Supplied data:
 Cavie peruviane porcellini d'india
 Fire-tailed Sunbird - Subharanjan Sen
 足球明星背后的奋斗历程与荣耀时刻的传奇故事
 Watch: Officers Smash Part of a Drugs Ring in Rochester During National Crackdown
==
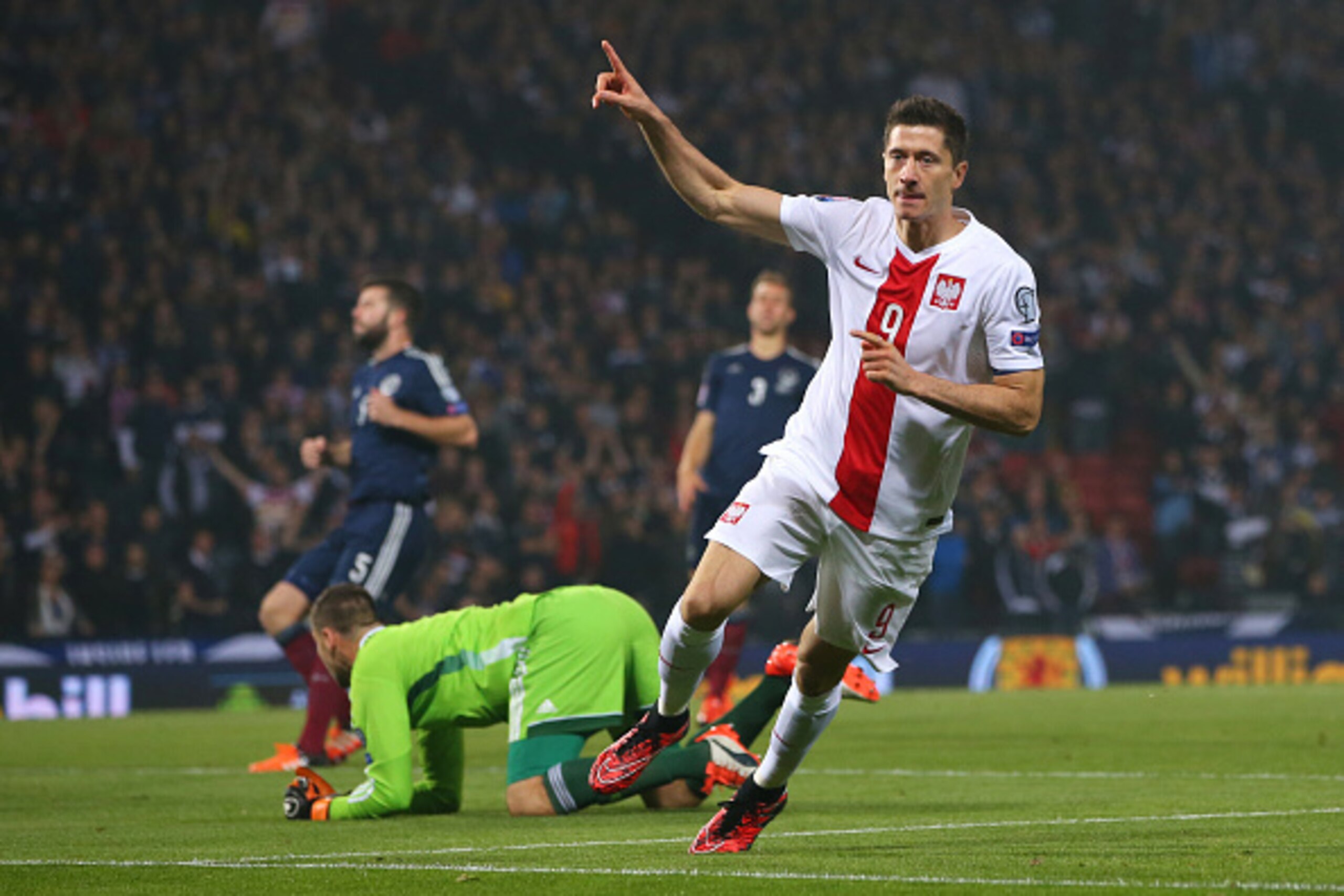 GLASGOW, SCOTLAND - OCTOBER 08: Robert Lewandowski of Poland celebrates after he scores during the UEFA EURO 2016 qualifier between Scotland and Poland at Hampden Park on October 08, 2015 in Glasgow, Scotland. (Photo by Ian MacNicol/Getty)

Exercise instructions: Reproduce exactly, and only, the part of the listing above that begins at the line with "Fire-tailed Sunbird - Subharanjan Sen" and goes on through the line with "Watch: Officers Smash".

Response area:
 Fire-tailed Sunbird - Subharanjan Sen
 足球明星背后的奋斗历程与荣耀时刻的传奇故事
 Watch: Officers Smash Part of a Drugs Ring in Rochester During National Crackdown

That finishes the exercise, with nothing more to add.